◆ **TASK STATEMENT**
The full listing, excluding its pictures, should be printed exactly as it stands.

◆ **DATA**

□ □ □ □ □ □ □

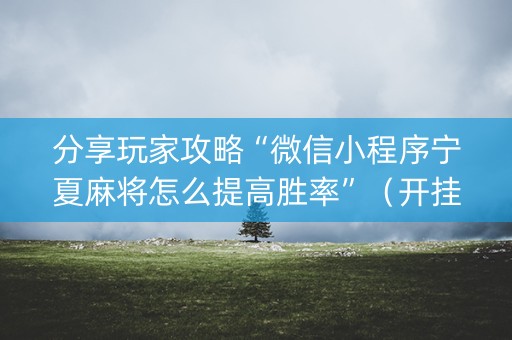 分享玩家攻略“微信小程序宁夏麻将怎么提高胜率”（开挂辅助器插件)
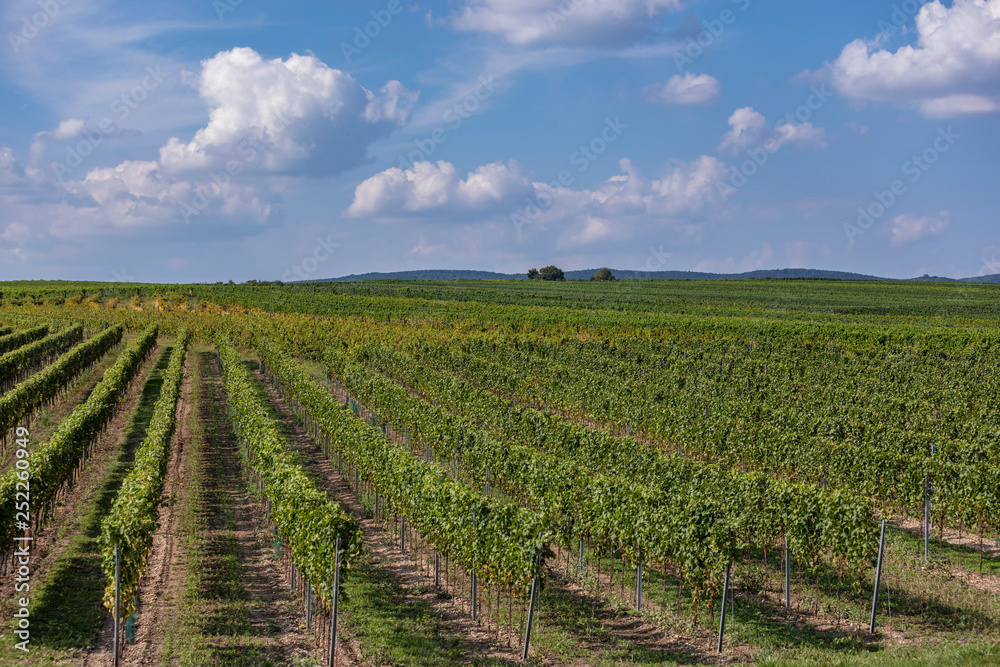 green vineyards rows landscape 
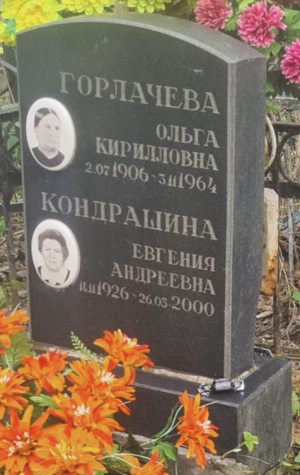 Кондрашина Ольга file.png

□ □ □ □ □ □ □

◆ **EXERCISE OUTPUT**
 分享玩家攻略“微信小程序宁夏麻将怎么提高胜率”（开挂辅助器插件)
 green vineyards rows landscape 
 Кондрашина Ольга file.png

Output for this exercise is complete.